Earlier that morning, I had been reading the work of researcher and filmmaker Paula Albuquerque, recommended to me by Janos. In The Webcam as an Emerging Cinematic Medium, Albuquerque introduces the concept of a cinematic mode of existence, an idea built upon Bruno Latour’s philosophical argument that one’s existence is composed of several “modes”. She also calls upon the work of anthropologist Arjun Appadurai, who investigates the origin of this mode in a "profusion of and reliance on mass media." The conclusion drawn is that “the phenomenon of globalization, both unifying and fragmenting, has given rise to a series of global scapes: ethnoscapes, technoscapes, financescapes, mediascapes, and ideoscapes.” I liken these scapes to parallel worlds that co-exist and interact with our own. For me, this idea echoes in the surrealist cinematic landscapes of my previous film work, in my current research, and in the words of the man with the bicycle; cinema is a reflection of our world, and the world a reflection of cinema.

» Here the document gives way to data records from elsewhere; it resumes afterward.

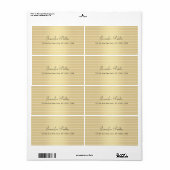 Étiquette Élégant Faux Gold Calligraphie Script Moderne tend (Feuille entière)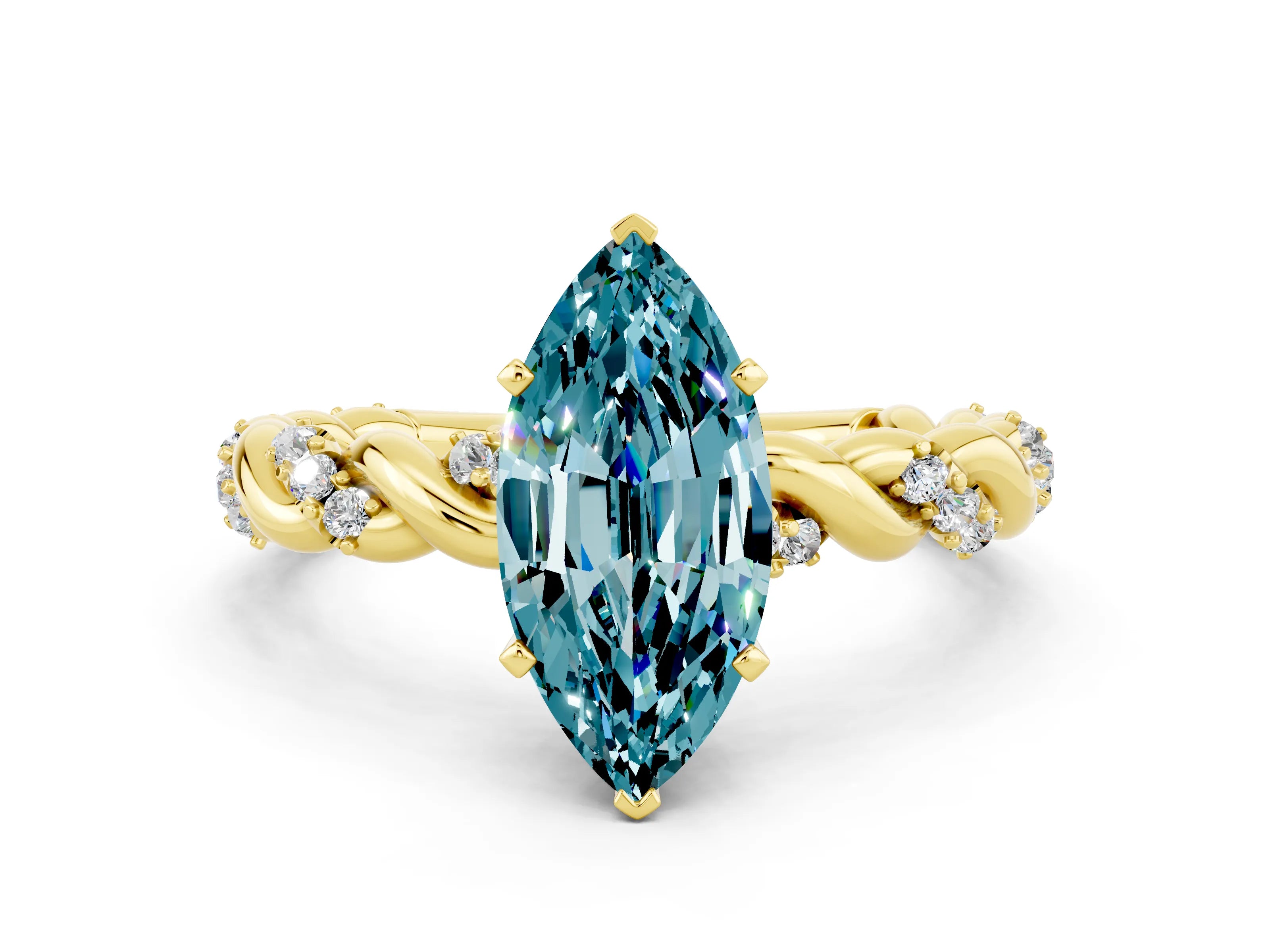 Yellow gold Marquise Cut Blue Topaz Solitaire Ring with Twisted Band and Pavé Accents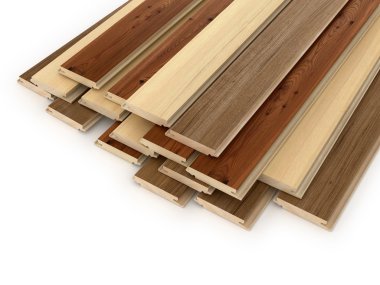 Beyaz bir arka plan üzerinde küme laminat plakalar. 3D çizim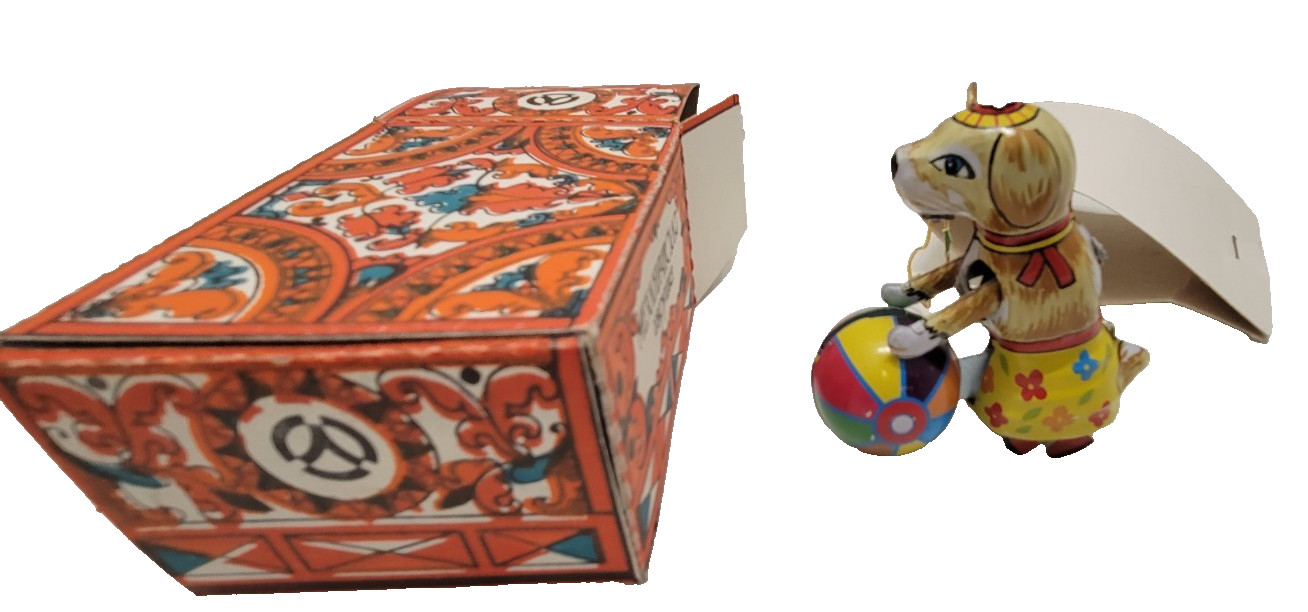 ZZ Germany Zimmerman Zirndorf Tin Toy Ornament Dog With Rolling Ball Works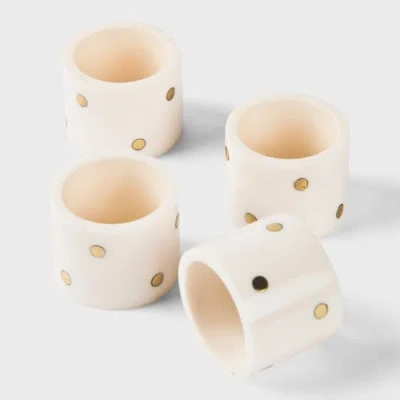 Mela Artisans Sitara Handcrafted Napkin Ring Gift Box Set In White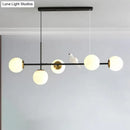 GobekUsa Brass Sphere Ceiling Light with Adjustable Cord - Industrial 5-Light Island Pendant, Amber/Milky White/Smoke Grey Glass Shades
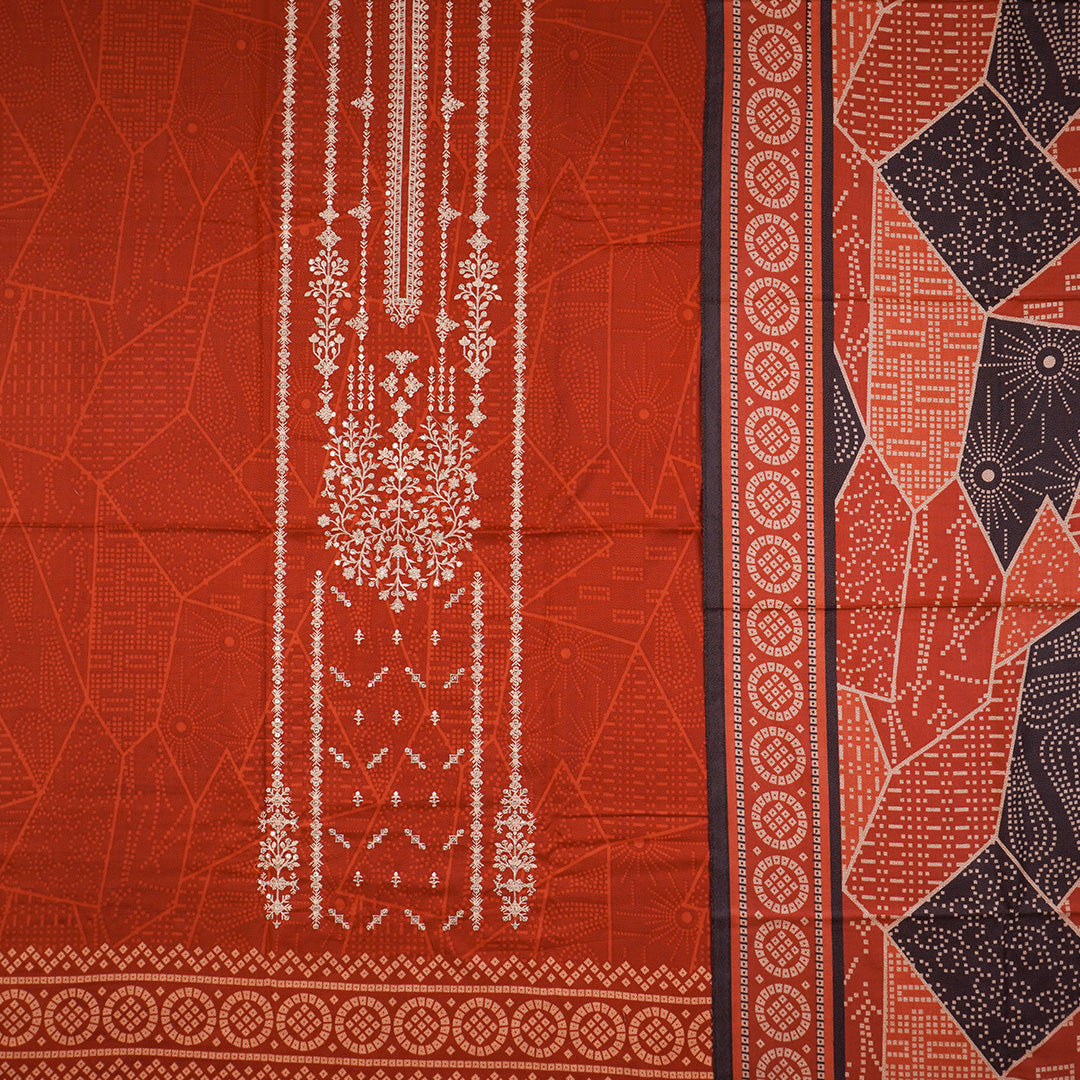 3 Pc Dhanak Embroidered Un-stitched-UN2424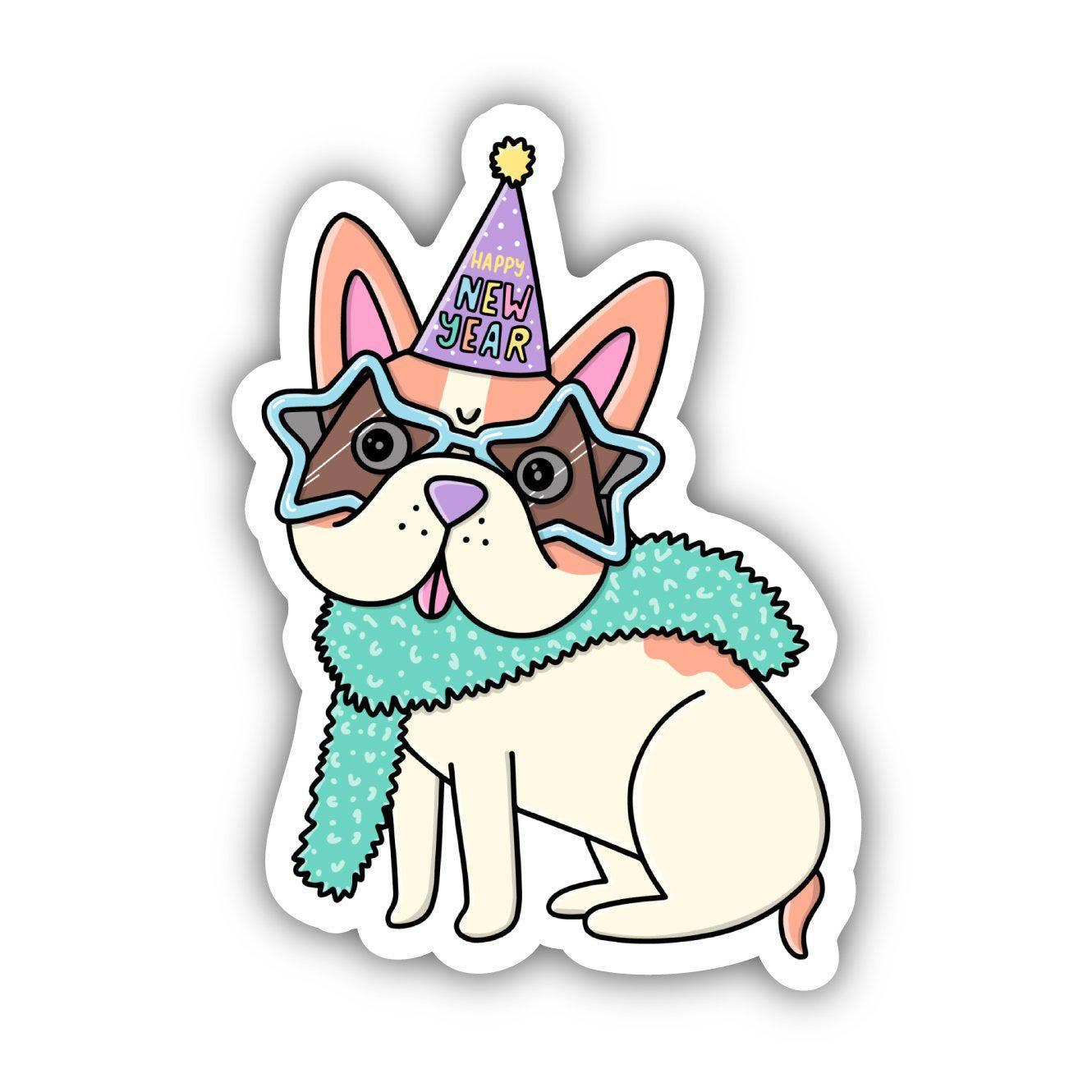 Happy New Year French Bulldog Vinyl Sticker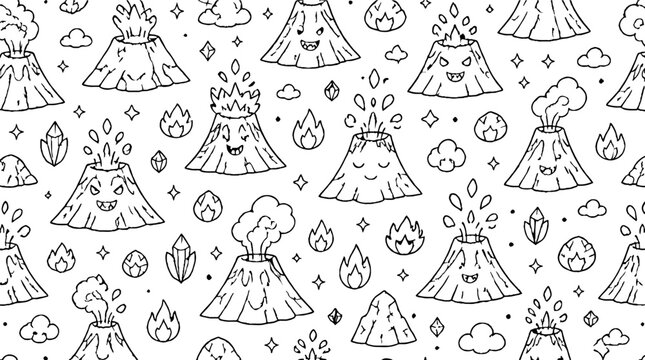 Volcanic Eruption Pattern with Lava and Clouds Design.
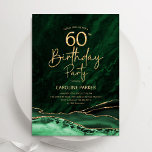 Convites Agate Emerald Green, Dourado 60º aniversário<br><div class="desc">Emerald Green e ouro agate 60º convite de aniversário. Elegante design moderno com aquarela agate marble geode background,  faux glitter gold e typografia script font. Trendy convida o cartão perfeito para uma comemoração de dia das mulheres na moda. Impressos convites Zazzle ou modelo de impressão digital instantânea para download.</div>
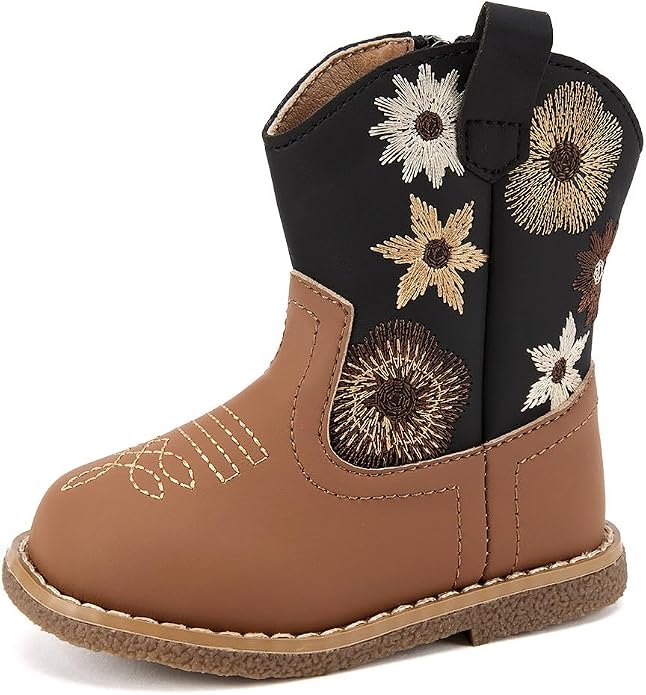 BMCiTYBM Baby Cowboy Cowgirl Boots Infant Western Shoes Boys Girls Round Toe - Image 3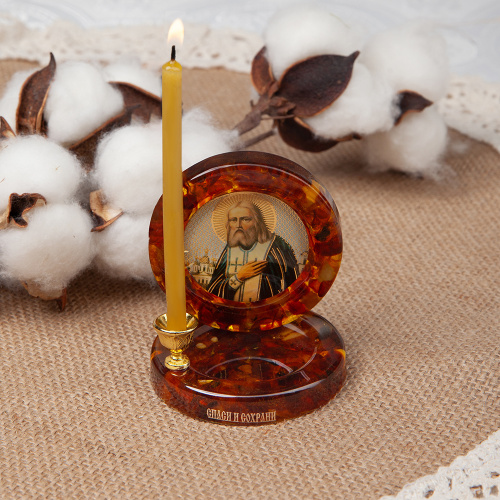 Подсвечник настольный складной на магните с ликом преподобного Серафима Саровского, 7х6 см фото 4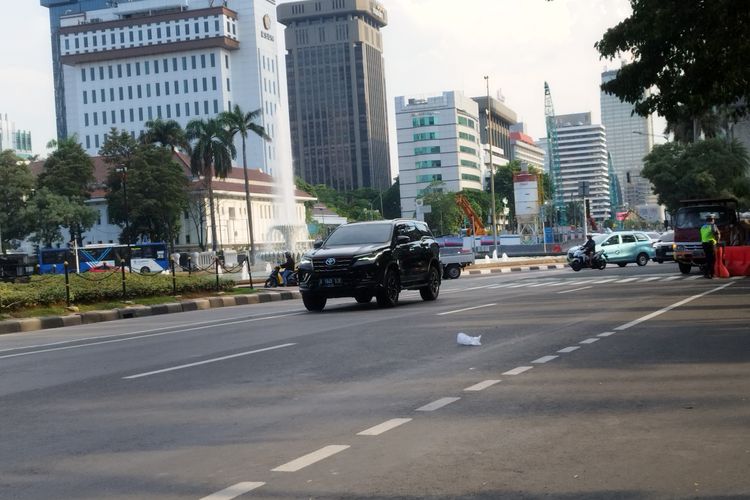 Jalan Medan Merdeka Barat, Gambir, Jakarta Pusat, kembali dibuka usai mahasiswa membubarkan diri, Kamis (8/2/2024).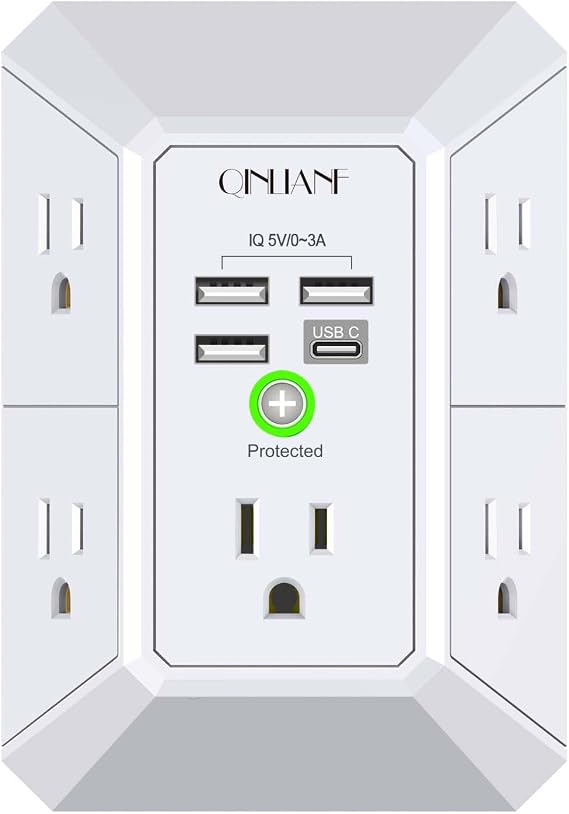 Wall Charger, Surge Protector, QINLIANF 5 Outlet Extender with 4 USB Ports | 1680 Joues, 3-Sided Power Strip, Multi Plug Wall Outlet Adapter Spaced for Home Travel Office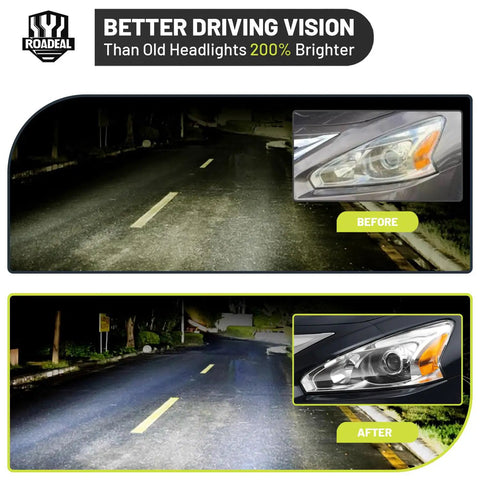 Comparison of Nissan Altima headlights, before and after installing Halogen Headlights With Bulbs For 2013 2014 2015 Nissan Altima 4 Door Driver And Passenger Side Replacement Not For Xenon HID OE Style Plug And Play Direct Bolt On And Ready For Night Performance, showcasing improved road visibility.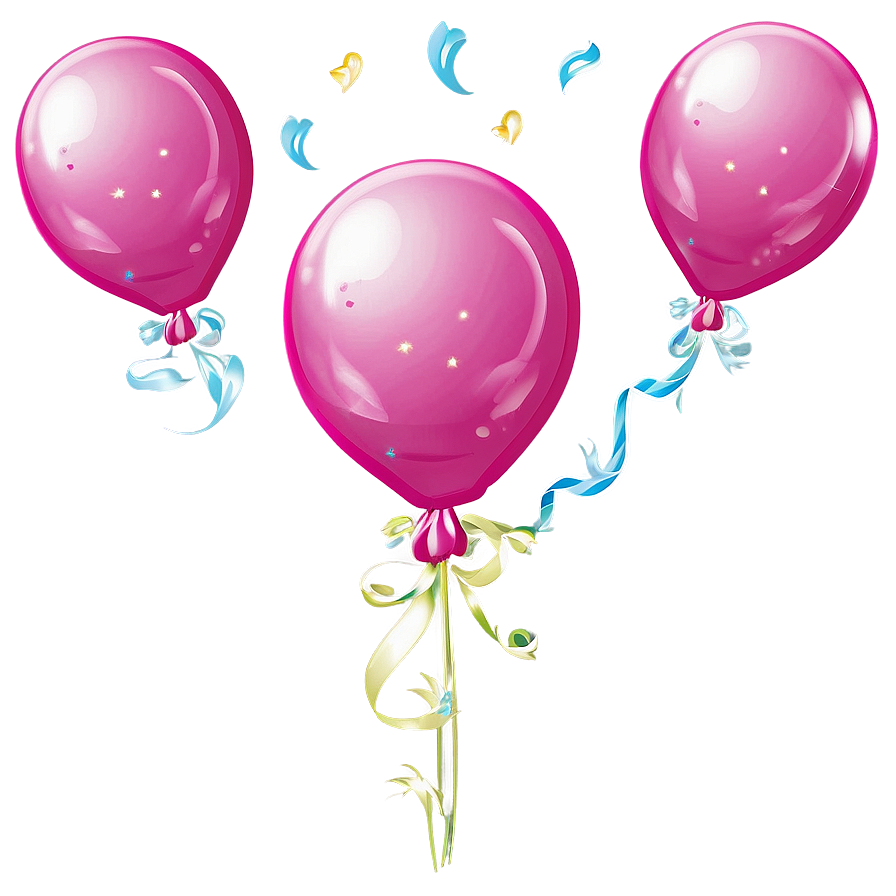 Pink Balloons Festive Bouquet Png 23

The work of filmmaker Eliane Ester Bots and the ensuing discussion, helped not only to highlight critical questions of one’s perspective but to rethink the relationship between the subject and the maker. It was fascinating to hear her frame the act of transmitting stories and memory through film as a form of linking, coupling, sinking and deep listening. I left the discussion with a renewed interest in the foundational elements of my work: our spaces and objects, and the experiences we transfer into them. This raised new questions for me on shared perspectives, how to “listen” to our environment, and how to see stories as objects themselves. It's an avenue of questioning that developed further in the following workshop.
Using found footage material, I developed a choreography through sound design and visuals of workplace mechanisms. As a result, the line between the worker and the instrument blurs. The links I drew between Sabine’s varied references and her encouragement to express universality was considered heavily while editing my next film.